こう書くと、僕らが普段からお洒落でブルジョワジー(古い表現)な生活をしていると思われるかもしれないが、実際は今回が初めてである。

僕らには今まで六本木でデートをした記憶すらほとんどなく、外食するときはいつも家の近所の安い居酒屋だった。

しかし先日は、妻のチーにとって29回目の誕生日だったため、たまには慣れない試みをしてみようと、フレンチを選択したのだ。

結論から書くと、たまにはああいう外食も悪くないと思った。

いかにも清原和博あたりが遊んでいそうな夜の六本木の街を夫婦二人で歩くのは新鮮だったし、いかにもダブル浅野(これも古い)や石田純一がワインを飲んでいそうな六本木のフレンチ店の雰囲気も洗練されていて、文句のつけどころがない。

店員の接客サービスも心地良く、コース料理やワインは確かに美味しかった。

あれなら、ダブル浅野もお気に召したことだろう。


チーも喜んでくれたと思う。

そもそも六本木のフレンチを選んだのは、彼女の「たまには、いかにも”東京”って感じの、ベタな都会的デートがしてみたい」という言葉がきっかけであり、そのリクエストに僕が応えたというわけだ。

チーは田舎者なのである。

しかし、ひとつだけ心に引っかかることがあった。

これは何もフレンチだけに限った話ではなく、すべての”お上品系コース料理”に言えることなのだが、なぜにあんなに量が少ないのか。

コース料理が全部で5品あるとして、それぞれの皿に盛りつけられている料理は、往々にして微量である。

皿の大きさが、実にもったいない。

本気を出せば、まるでわんこそばのように、皿を出された瞬間にすべて食べ終える自信がある。


特に件のフレンチコースの最後に出てきたリゾットに至っては、それが運ばれてきたとき、思わず目を丸くした。

スプーンで二回すくえば終わり、という量だったのだ。

ダブル浅野も石田純一も、本気であの量に満足しているのだろうか。

ダブル浅野はまだ女性だからいいものの、男性の石田純一は内心物足りないに違いない。

清原和博なんて見るからに大食漢なわけだから、フレンチのコースなんてオヤツ感覚なのではないか。
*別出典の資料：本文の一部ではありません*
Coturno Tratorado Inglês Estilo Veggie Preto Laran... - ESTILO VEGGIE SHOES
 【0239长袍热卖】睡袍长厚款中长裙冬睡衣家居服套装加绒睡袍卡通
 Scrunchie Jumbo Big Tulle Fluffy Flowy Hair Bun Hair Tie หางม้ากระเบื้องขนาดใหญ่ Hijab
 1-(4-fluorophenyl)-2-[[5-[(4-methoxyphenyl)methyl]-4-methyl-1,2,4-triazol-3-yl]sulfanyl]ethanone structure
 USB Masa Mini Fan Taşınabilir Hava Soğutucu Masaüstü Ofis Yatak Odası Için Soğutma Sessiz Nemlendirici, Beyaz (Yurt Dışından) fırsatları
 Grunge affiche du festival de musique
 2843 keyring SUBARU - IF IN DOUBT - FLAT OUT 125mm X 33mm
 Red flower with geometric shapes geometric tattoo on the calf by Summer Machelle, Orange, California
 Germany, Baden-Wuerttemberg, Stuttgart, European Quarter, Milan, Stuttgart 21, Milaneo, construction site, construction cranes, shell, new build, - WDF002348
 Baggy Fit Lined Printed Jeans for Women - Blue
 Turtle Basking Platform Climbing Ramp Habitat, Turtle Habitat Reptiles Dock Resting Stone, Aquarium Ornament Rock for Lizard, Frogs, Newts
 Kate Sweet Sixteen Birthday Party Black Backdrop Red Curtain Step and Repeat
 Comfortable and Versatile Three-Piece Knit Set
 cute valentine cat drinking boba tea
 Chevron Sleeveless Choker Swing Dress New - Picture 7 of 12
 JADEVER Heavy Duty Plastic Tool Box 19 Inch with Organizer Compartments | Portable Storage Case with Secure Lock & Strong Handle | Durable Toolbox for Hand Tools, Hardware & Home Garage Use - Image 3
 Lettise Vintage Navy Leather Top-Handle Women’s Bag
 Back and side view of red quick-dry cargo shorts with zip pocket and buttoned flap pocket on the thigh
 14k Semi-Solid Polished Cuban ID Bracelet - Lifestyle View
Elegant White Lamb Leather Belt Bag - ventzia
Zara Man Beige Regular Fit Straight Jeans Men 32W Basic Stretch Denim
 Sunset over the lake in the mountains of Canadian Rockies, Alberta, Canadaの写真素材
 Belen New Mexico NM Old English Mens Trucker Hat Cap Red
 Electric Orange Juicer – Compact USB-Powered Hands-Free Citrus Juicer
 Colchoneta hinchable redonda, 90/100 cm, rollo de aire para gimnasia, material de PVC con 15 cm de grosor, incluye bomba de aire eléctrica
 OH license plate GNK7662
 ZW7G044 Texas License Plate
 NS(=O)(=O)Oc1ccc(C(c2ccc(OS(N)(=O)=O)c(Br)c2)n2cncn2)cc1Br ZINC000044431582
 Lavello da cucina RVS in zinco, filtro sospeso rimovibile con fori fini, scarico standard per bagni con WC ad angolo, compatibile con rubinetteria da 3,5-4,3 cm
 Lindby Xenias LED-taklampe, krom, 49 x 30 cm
それとも彼らは「フレンチのコース、ごはん大盛りで」などと注文しているのか。

とはいえ、そういう不満をなかなか表に出せないのが、フレンチ店独特の雰囲気というものだ。

ああいう高級感漂う店というのは、どういうわけか僕のような小心者をいとも簡単に背伸びさせてしまう、得体の知れないプレッシャーを秘めている。


だから先日も、僕はつい見栄を張って、にわか少食男子を装った。

本当は出された料理をガツガツ食べたいのだが、あえてペースを落とし、ゆっくり噛み締めるように味わったのだ。

「コース料理って、最初は量が少ないって思いがちだけど、時間をかけてゆっくり食べるから、案外お腹が膨れたりするもんなんだよねえ」。

そんな月並みな見解ぐらい、今まで何度も聞いたことがあるが、僕はまったくそう思わない。

早く食べようが、ゆっくり食べようが、量が少ないものは少ない。

食べるペースを落としたぐらいで簡単に腹が満たされるほど、僕の満腹中枢は馬鹿ではない。

大体どうしてコース料理のときは、わざわざ空腹を我慢してまで、ゆっくり食べなければならないのだ。

人間の食べるペースとは、本来その人の自由に委ねられるべきだ。


これははっきり言って、やせ我慢だと思う。

「お洒落は我慢だ」という言葉があるが、世の上品系男子はみんな空腹を堪えながら、必死で少食ぶっているに違いない。

石田純一もきっとそうだ。

トレンディとは、すなわち我慢だ。

あくまで冗談です。

念のため。

ちなみに、フランス人が日本のフランス料理店を訪れると、みんな量の少なさに驚くという。

少量をゆっくり楽しむという食事マナーは、どうやら日本独自のものらしく、そこには日本人特有の摂生を美徳とする風潮が深く関係していると思われる。


日本人には「たくさん食べること=美しくない」という無意識の理念が流れているのだろう。

結局、その夜の僕は腹八分目どころか、腹五分目ぐらいで六本木のフレンチ店をあとにした。

絶品の料理と最高のサービスを提供してくれた店側に文句を言うつもりは毛頭ないが、つくづく自分はお洒落男子に向いていないとは思う。

我慢できないのだ。

だから帰り道の途中、僕はなんとなく呟いた。

「あー、ラーメン食べたい」。
時刻はすでに午後11時を回っており、世のお洒落男子なら太ることを気にして、絶対にラーメンなど食べない時間帯である。

しかも、今夜はチーの誕生日なのだ。


女性にしてみれば夜のラーメンはますます大敵に違いなく、僕と同じ感覚を共有できるわけがない。

しかし、意外にもチーの反応は良好だった。

「いいねえ、ラーメン。

わたしも食べたい。

量少なかったから」。

僕は思わず嬉しくなった。

こういう微妙な感覚を瞬時に共有できるということは、一生を共にする夫婦にとって非常に大切なことだと思う。

もちろん最低限のダイエットは必要だが、それも程度問題だろう。


窮屈すぎない程度にタガを外すことも重要だ。

かくして僕らは、家の近所のラーメン屋に迷わず駆け込んだのであった。